Judge orders Wikileaks off the air

A Californian court has ordered a whistle-blowing website to be taken down in a controversial ruling last Friday. Wikileaks.org was ordered off the air by Judge Jeffrey S. White of the Federal District Court following a case brought by Swiss banking group Julius Baer. Lawyers for Julius Baer brought the case to trial after several documents posted on the site allegedly revealed that the bank was involved with money laundering and tax evasion. The bank alleges the documents were stolen.

After an ex-parte hearing, the court ordered the controller of the sites domain name, Dynadot, should "prevent the domain name from resolving to the wikileaks.org website or any other website or server other than a blank park page, until further order of this Court." Wikileaks did not have the chance to address the issue in court. They claim that the order was unconstitutional and said that the site had been forcibly censored. The judge ordered Dynadot to delete Wikileaks.org deleted from the DNS (domain name server) but clearly does not understand how the internet works. Despite the order, the site can still be accessed via the IP address "http://88.80.13.160" at its Swedish hosting site and through mirror sites in Europe that replicate its contents.

The take-down decision has caused uproar and derision in the online community. Writing in the Guardian, Charles Arthur says the decision is a prima facie infringement of the US First Amendment prohibiting the abridging of free speech. Arthur says Wikileaks has annoyed many people with its determination to publish leaked documents. “Finally,” he says, "it properly annoyed someone who had the money for lawyers”.

Duncan Riley at Techcrunch points out that because the material is still available in the public domain, the likelihood is that more people will read the documents as a result of the publicity of the trial than would ever have bothered otherwise. Richard Stiennon at ZDNet says it is an outrageous move by a US court to attempt to destroy a website because of a complaint about a particular set of files. “I wonder how they justify that?” he asked. “Luckily the Internet is made of a series of tubes and the DNS is only a small part of the plumbing”.

Over at their Swedish home, Wikileaks released the trail of correspondence between themselves and Julius Baer’s solicitors. On 15 January, Baer’s solicitors charged Wikileaks of posting content that constituted “violation of trade secrets, conversion and stolen documents by former employee in violation of a written
Confidentiality agreement and copyright infringement” but consistently refused to reveal the name of their client nor would they identify what documents were causing the trouble.
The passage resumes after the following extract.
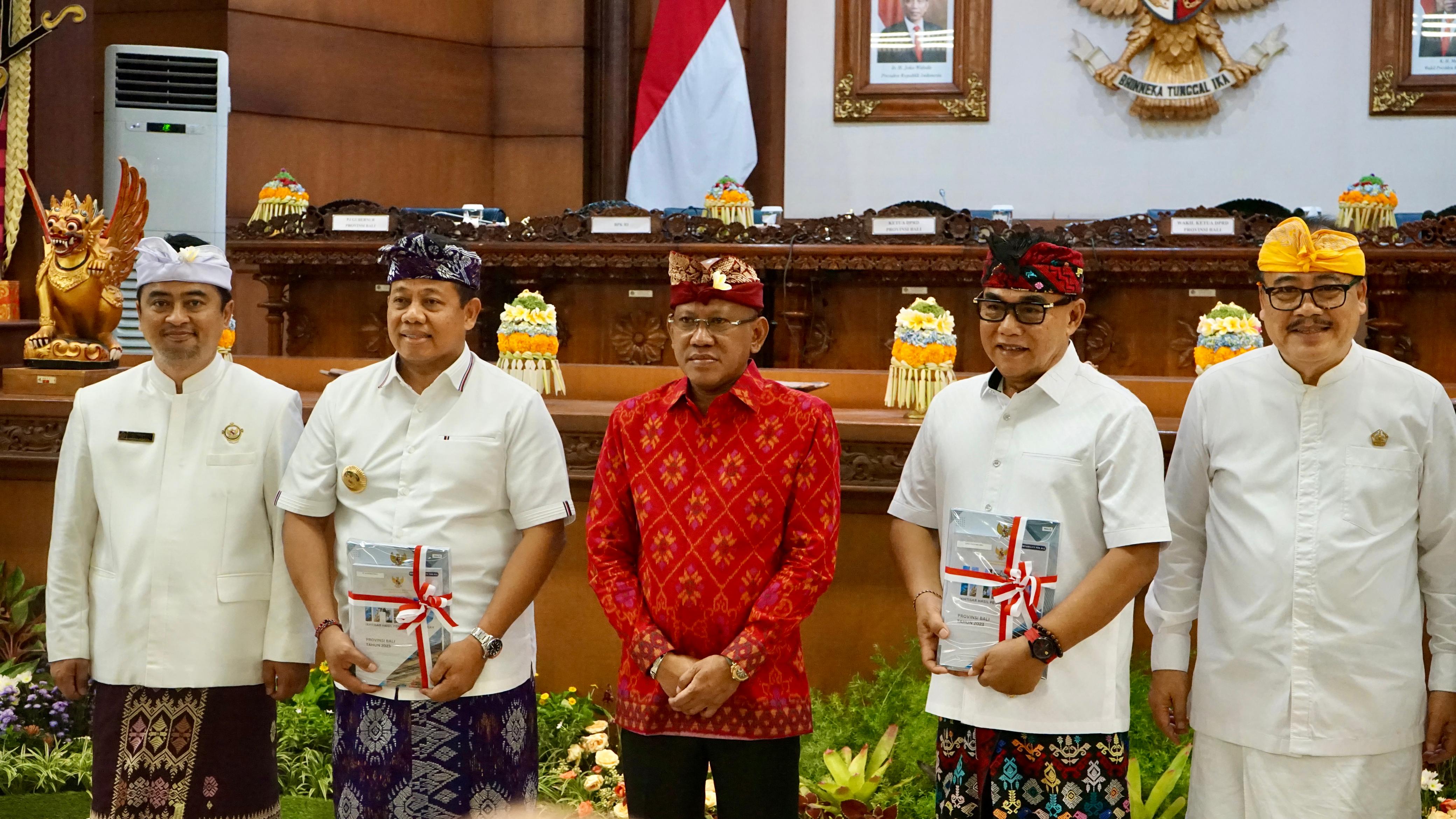 Penyerahan Laporan Hasil Pemeriksaan (LHP) Badan Pemeriksa Keuangan Republik Indonesia (BPK RI) atas Laporan Keuangan Pemerintah Daerah Provinsi Bali Tahun Anggaran 2023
After several more days of fruitless exchanges between Wikileaks and the bank’s lawyers, it all went quiet until the ex-parte hearing last week.

Wikileaks was founded in 2006 by Chinese dissidents and by journalists, mathematicians and computer specialists in the United States, Taiwan, Europe, Australia and South Africa. It has published 1.2 million documents and says its goal, is to develop “an uncensorable Wikipedia for untraceable mass document leaking and analysis.” It has published important leaked material from across the world, including the top secret US Rules of Engagement in Iraq and news about Guantanamo Bay officials conducting covert propaganda attacks on the internet.

The Julius Baer story began in 2005 when the bank’s former Chief Operating Officer on the Cayman Islands was suspected of leaking information to the press. Rudolf Elmer is accused of being the source of the information that the bank specialized in hiding and laundering the money of the ultra rich through anonymising offshore trust structures. Wikileaks obtained and published documents related to the Caymans issue. The bank tried to stop Wikileaks publishing the information because of a court case related to the problem in Switzerland which commenced in December last year.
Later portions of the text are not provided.